Groton looks at zoning around Naval Submarine Base
Groton — As the Planning and Zoning Commission looks at updating the zoning around the Naval Submarine Base, it is hoping to hear feedback from people who live or own property in the area, the town's planning director said.
The town's Office of Planning and Development is inviting them to a site walk of the area, beginning at the Nautilus Memorial Museum at 4 p.m. Tuesday, Aug. 27, and then an informational meeting from 5:30 to 6:30 p.m. Tuesday at the Town Hall Annex.
The commission will discuss the topic at its meeting at 7 p.m. Tuesday at the annex.
The current Nautilus Memorial Design District zoning around the base was created 35 years ago and was intended to "Protect and enhance the primary entryway to the Nautilus Memorial," "Service tourist-related and Navy needs" and "Provide protection to adjacent residential areas," according to a May memo from the Horsley Witten Group Inc., the consultant on the town's zoning rewrite project.
Jonathan Reiner, the director of the town's Office of Planning and Development Services, wrote in the letter to property owners this week that while the zone "was meant to protect and enhance the entrance to the Nautilus Memorial Museum along Crystal Lake Road and parts of Route 12, ... promoting a variety of uses from apartments to hotels to community- and tourism-serving businesses," the neighborhood has seen little development.
"The PZC is working with the Navy to propose changes that would encourage appropriate development while protecting the Navy Base and surrounding neighborhoods," he wrote.

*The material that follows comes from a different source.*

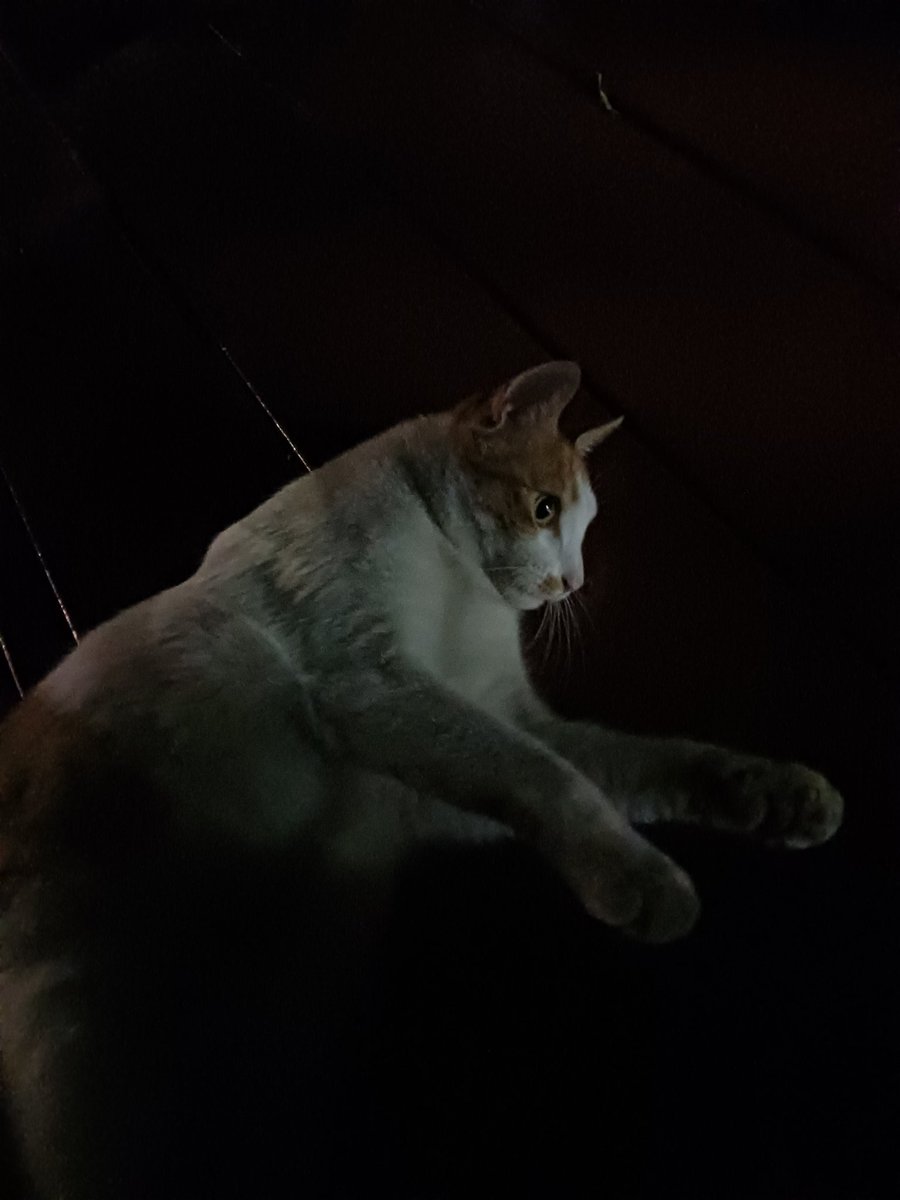 pputoi's tweet photo. 저희 고양이놈이 너무 바보 같습니다.
정신 못차리고 좋아하다가 정자에서 떨어져가지고 냅다 옆에 있는 제 다리를 붙잡고 떨어져서 할퀴었습니다.. 어이가 없어.. https://t.co/BN39FC3Mz9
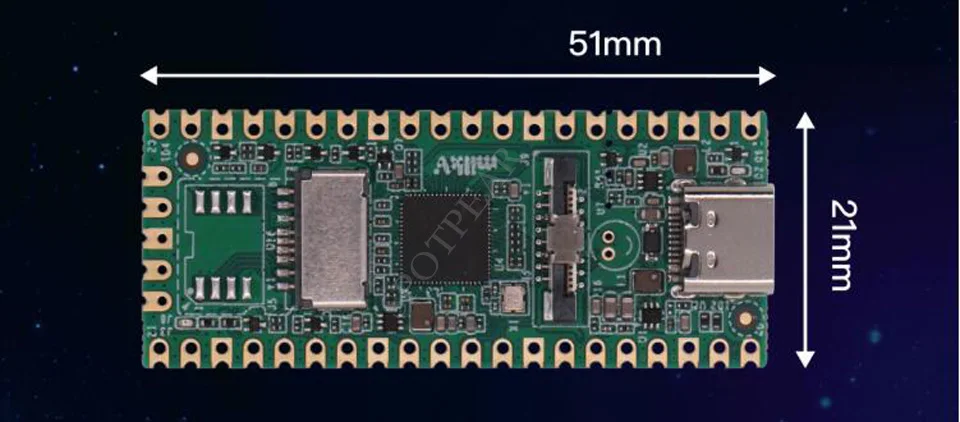 RISC V Leite V Duo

Reiner wrote the commission is considering changes, including rezoning most properties in the district to a Commercial, Neighborhood Zone, "which would allow many of the same types of uses allowed today"; rezoning several properties on Pleasant Valley Road North to a residential zone since the properties have single-family homes; and placing "an overlay zone on properties along Crystal Lake Road across from the Navy Base to limit development to those uses that will not impact Base security."
Reiner said by phone that based on the feedback received over the past five years, the town believes the Nautilus Memorial Design District is "a major limiting factor to any development or redevelopment in that district." The town has heard that the district's regulations are cumbersome and didn't outline clear expectations for development.
"It didn't give property owners and developers a clear path on how to develop their property," he said. Every use within that district requires a special permit, which adds costs and unpredictability to the process, he added.
Groton recently wrapped up a comprehensive rewrite of its zoning regulations. The town now is looking at the zoning in the vicinity of the naval base as part of the larger Joint Land Use Study project shepherded by the Southeastern Connecticut Council of Governments and funded by the Department of Defense.
"The sub base is appreciative of the town's sustained support and efforts such as the recent Joint Land Use Study and this zoning review that look to ensure the compatibility of the community, the base and the base's continuing mission," said Chris Zendan, spokesperson for the base.
"What I'd like to see is some good public input," said Bob Ross, executive director of the Connecticut Office of Military Affairs. "We've been working hard over the years to prevent encroachment that would interfere with the future Navy operations that we want to protect."
Ross said they are trying to take a comprehensive holistic approach to come up with agreed-upon zoning regulations that will help both the community and the Navy.
No decisions on the zoning have been made. Reiner said the Planning and Zoning Commission wants input from the people whom the proposed changes would affect the most before moving forward. Any proposed changes would have to go to a public hearing, which he wouldn't envision being held until the late fall.